Task objective | The answer must be the full data, restated word for word, with no pictures in it.
─── Supplied information ───
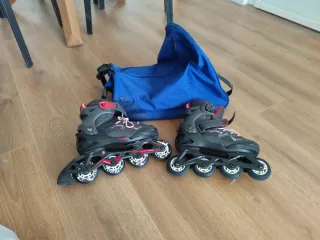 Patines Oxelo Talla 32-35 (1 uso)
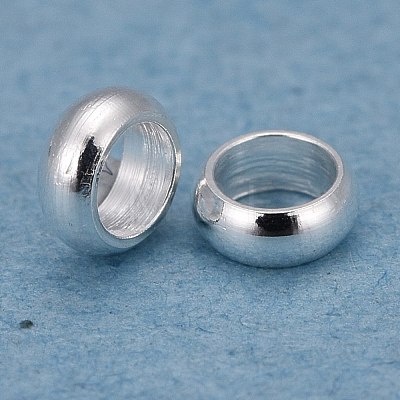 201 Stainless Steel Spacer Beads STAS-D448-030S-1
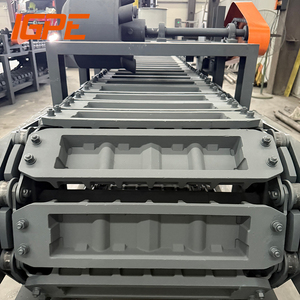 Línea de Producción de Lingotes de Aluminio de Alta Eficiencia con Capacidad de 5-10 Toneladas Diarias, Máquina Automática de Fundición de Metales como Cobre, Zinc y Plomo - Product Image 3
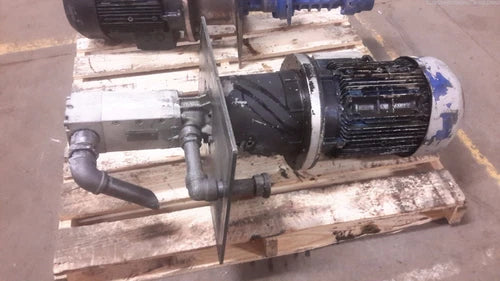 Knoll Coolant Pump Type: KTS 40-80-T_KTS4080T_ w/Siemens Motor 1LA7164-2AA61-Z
───
Output for this exercise |
 Patines Oxelo Talla 32-35 (1 uso)
 201 Stainless Steel Spacer Beads STAS-D448-030S-1
 Línea de Producción de Lingotes de Aluminio de Alta Eficiencia con Capacidad de 5-10 Toneladas Diarias, Máquina Automática de Fundición de Metales como Cobre, Zinc y Plomo - Product Image 3
 Knoll Coolant Pump Type: KTS 40-80-T_KTS4080T_ w/Siemens Motor 1LA7164-2AA61-Z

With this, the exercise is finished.